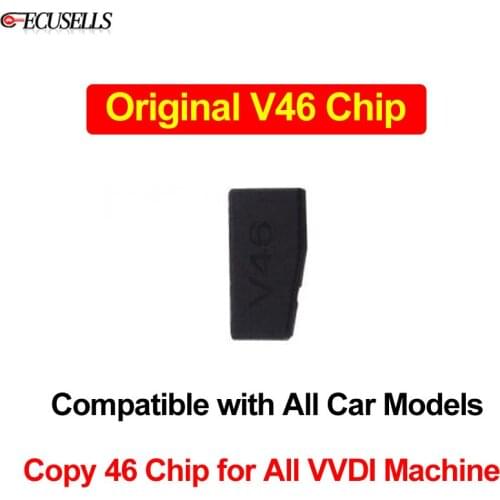V46 Copiable 46 Chip Original V46 Cemamic Car Key Chip Compatible with All Car Models Support VVDI Full Series of Machines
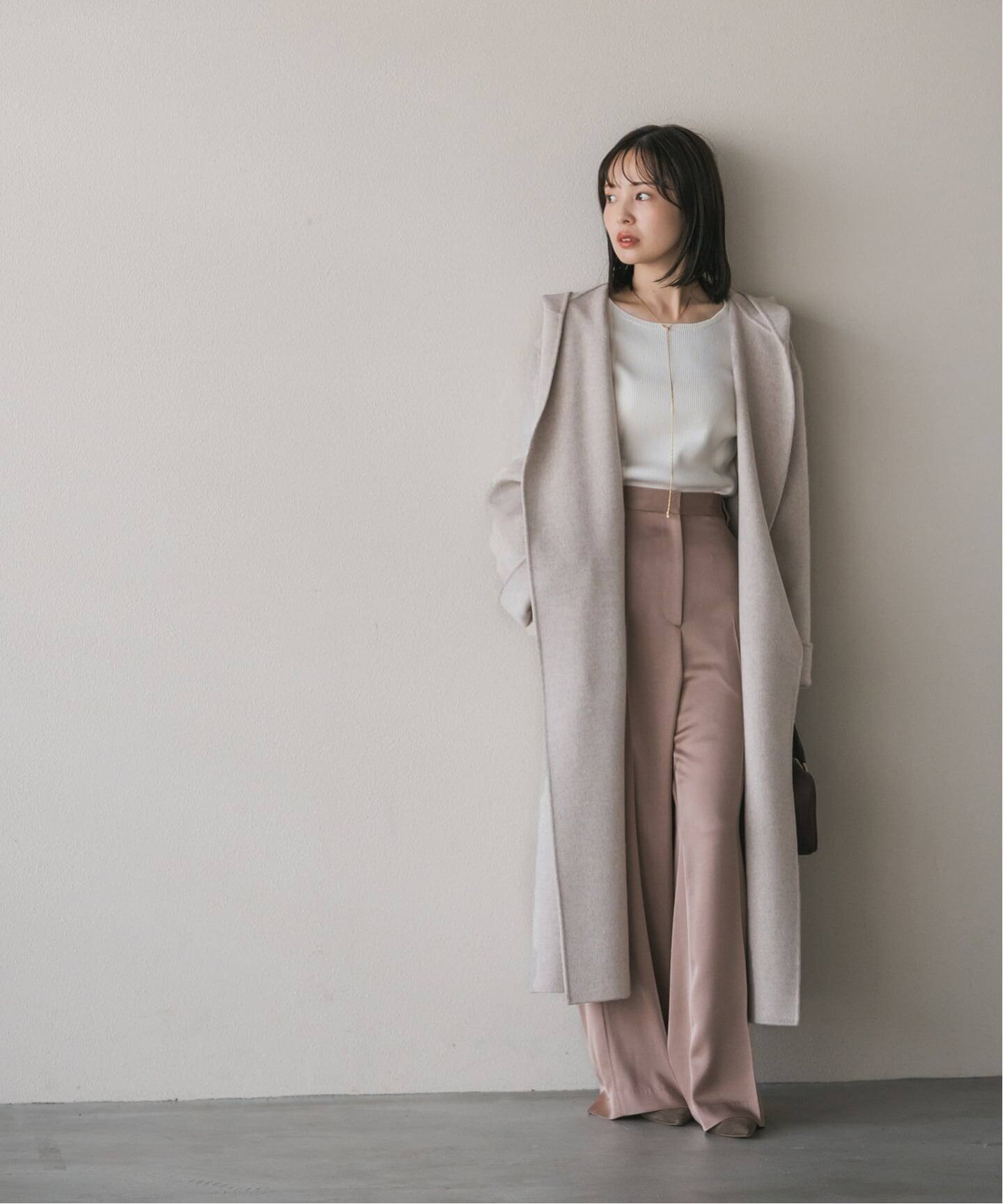 Noble ロングコート サイズ40 追加》Super160sリバーフーディーコート（フードコート）｜NOBLE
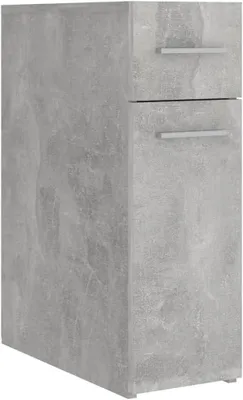 Produktbild von Apothekerschrank in Betongrau, 20 x 45,5 x 60 cm aus Holzwerkstoff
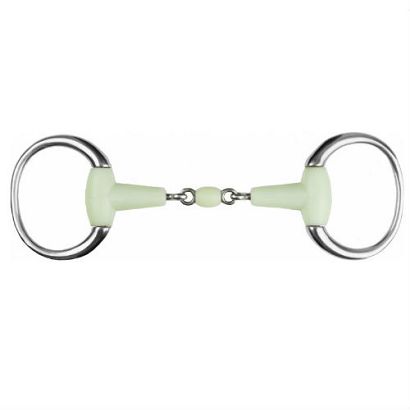 USG Wędzidło oliwkowe plastikowe jabłkowe podwójnie łamane / 3914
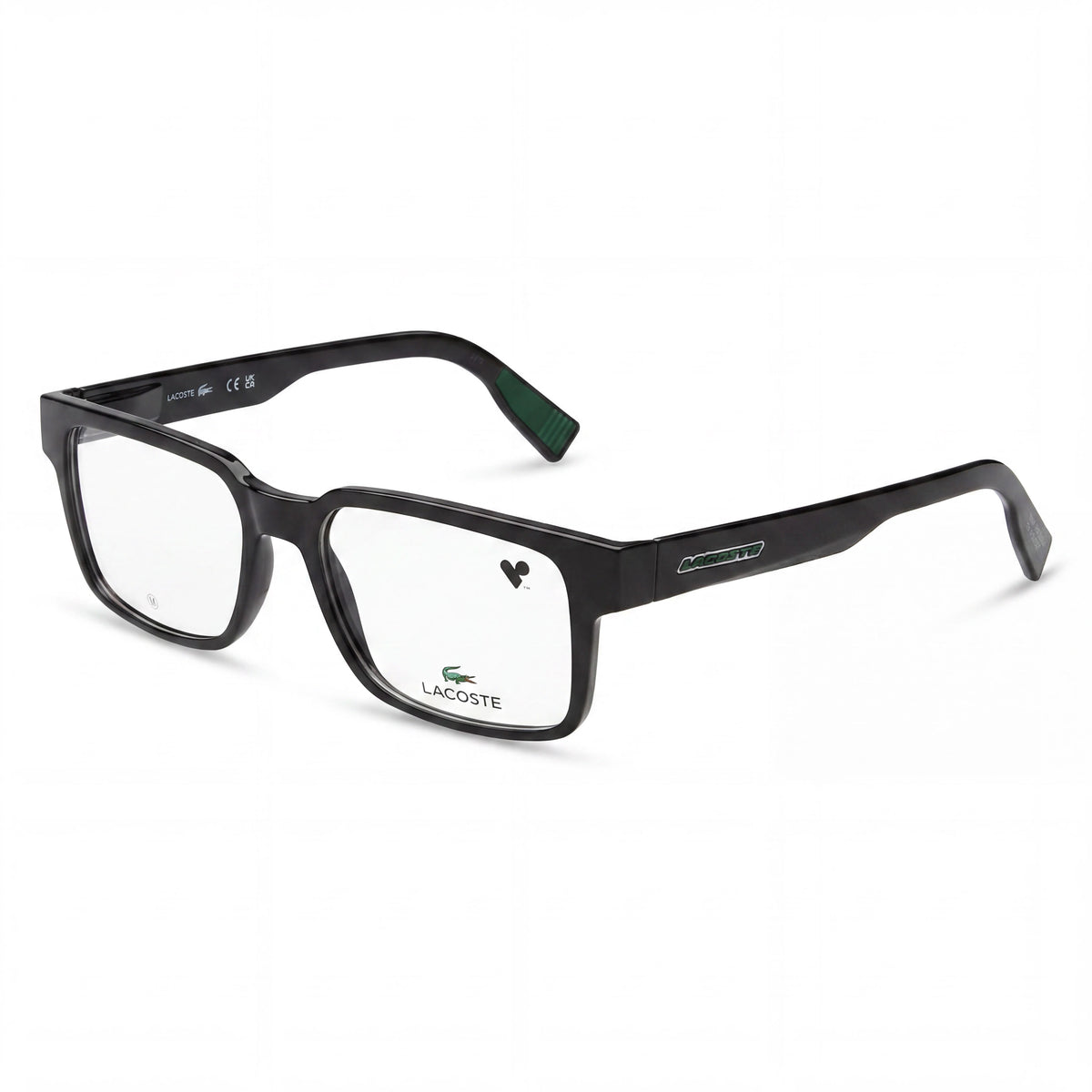 Gafas Rectangulares Unisex Lacoste L2928 Negras, Inyectadas 53mm, Photo 1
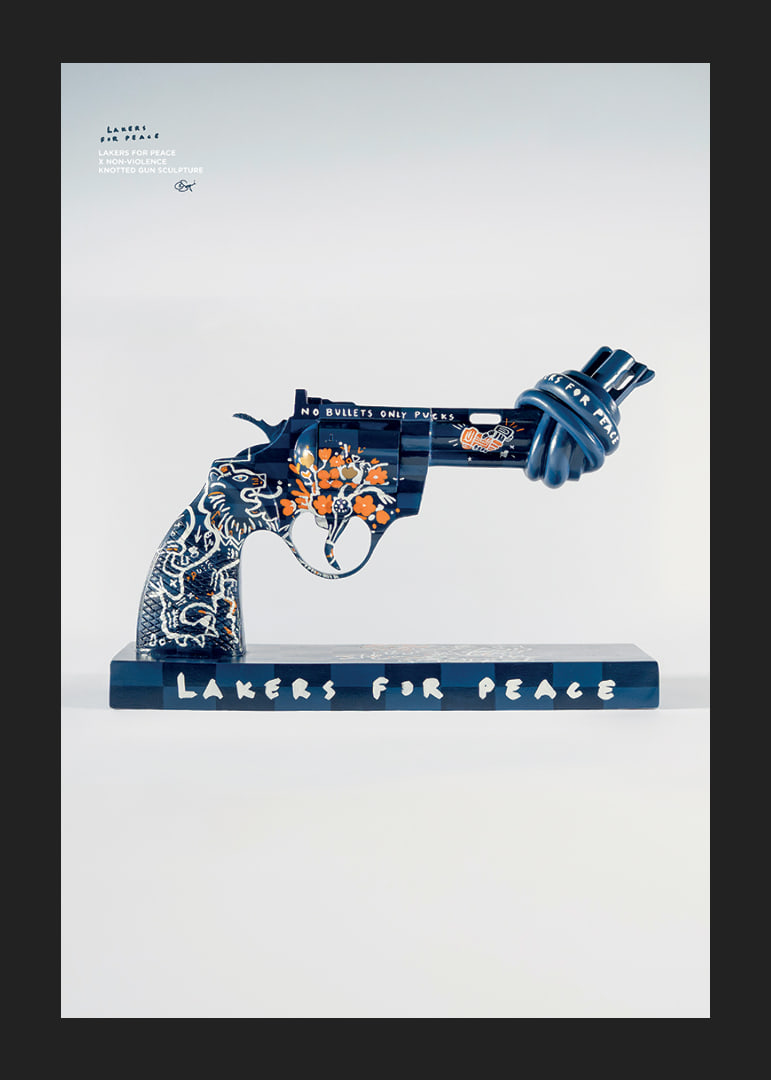 Lakers For Peace Knotted Gun Non-Violence No6-12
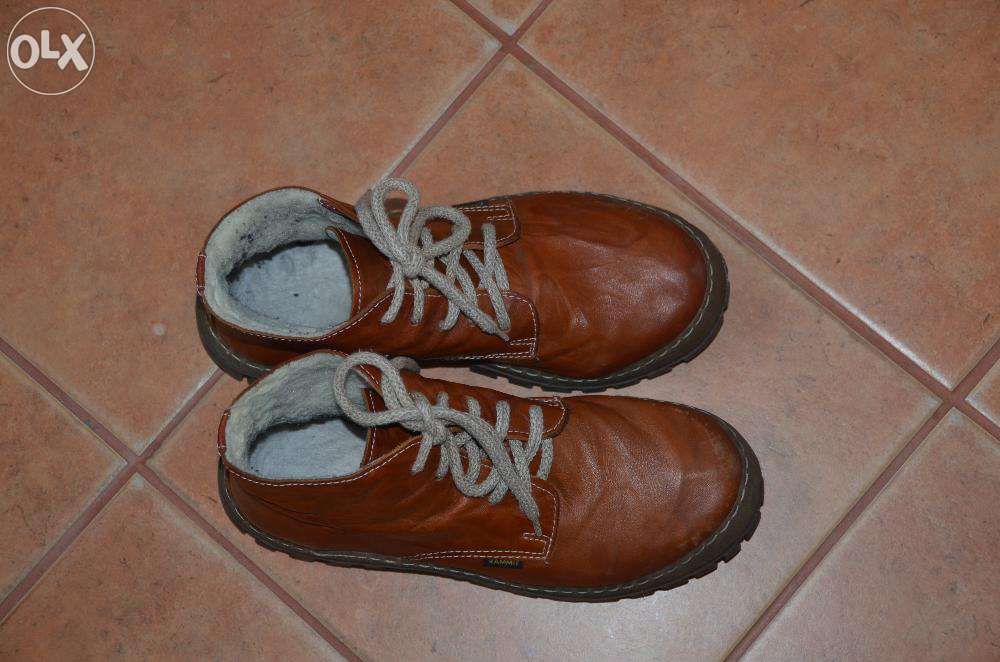 buty ze skóry brązowy
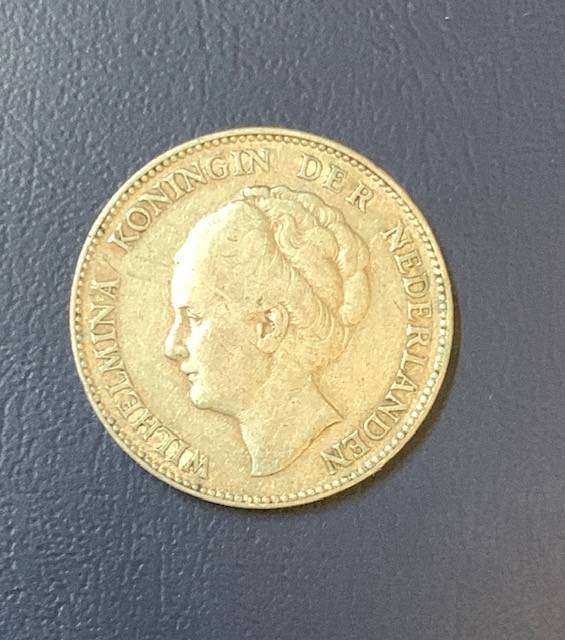 !!! Netherlands  1923 1 Gulden Coin !!!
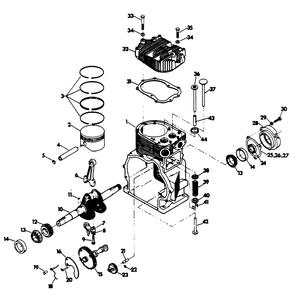 Engine Diagram and Parts List for 6245-2  Generac Generator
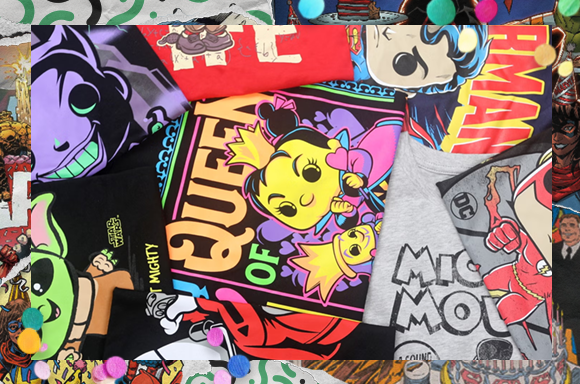 5 PACK OF FUNKO TEES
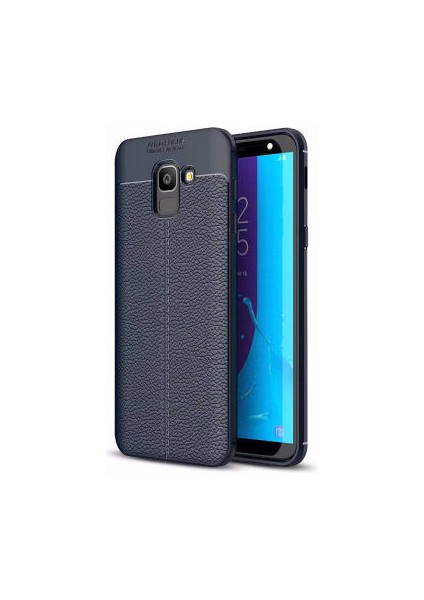 Samsung Galaxy J6 Kılıf Deri Silikon Yüzeyli Yüksek Kaliteli Silikondan Üretilmiş Premium Silikon Kapak Ryc/niss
━━━━━━━━━━
Work item → Once you find the line that contains "Gulden Coin !!!", reproduce it and every line after it through the end of the entries above, exactly as written, with no pictures.

The completed task →
 !!! Netherlands  1923 1 Gulden Coin !!!
 Engine Diagram and Parts List for 6245-2  Generac Generator
 5 PACK OF FUNKO TEES
 Samsung Galaxy J6 Kılıf Deri Silikon Yüzeyli Yüksek Kaliteli Silikondan Üretilmiş Premium Silikon Kapak Ryc/niss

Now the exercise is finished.